Atau dengan kata lain, ada perbandingan yang timpang antara pemasukan dan pengeluaran beras Bulog, sehingga menyebabkan beras-beras itu menumpuk dan Bulog kehilangan outlet-outlet penyaluran beras.
Demi menyelamatkan perusahaan plat merah di bidang pangan itu, ditegaskan Herman Khaeron, eksekutor atau pelaksana program BPNT harus dikembalikan sepenuhnya kepada Perum Bulog atau seperti pada program Rastra/Raskin.
Sedangkan untuk kebijakan regulasinya, semisal penetapan keluarga penerima manfaat (KPM), jenis-jenis pangan, dan lain-lain, regulasinya diatur oleh Kemensos.

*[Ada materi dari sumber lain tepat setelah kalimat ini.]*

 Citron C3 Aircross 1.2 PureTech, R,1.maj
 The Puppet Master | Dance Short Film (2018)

Menurut Herman Khaeron, dengan mengembalikan BPNT ke Bulog maka Bulog bisa menjalankan tugasnya sebagai buffer atau cadangan stok padi nasional, stabilisasi harga, serapan gabah dari para petani, serta pendistribusian yang merata ke seluruh Indonesia.

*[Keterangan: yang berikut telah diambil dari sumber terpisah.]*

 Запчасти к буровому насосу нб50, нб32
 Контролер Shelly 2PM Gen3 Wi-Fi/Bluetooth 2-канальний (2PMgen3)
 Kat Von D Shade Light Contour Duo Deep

“Maka saya katakan, sangat mudah menyelesaikan permasalahan Bulog, sudah saja tinggal eksekutor BPNTnya itu dipindahkan kepada Bulog,” ujarnya.
Menurut Herman Khaeron, pengembalian eksekutor BPNT kepada Perum Bulog juga dipertegas dalam UU Nomor 18 Tahun 2012.
Di dalamnya menerangkan, negara menjamin terhadap keterjangkauan, ketersedian pangan secara cukup, beragam, bergizi dan seimbangan, sehingga menjadikan beras atau pangan pokok sebagai hak asasi manusia.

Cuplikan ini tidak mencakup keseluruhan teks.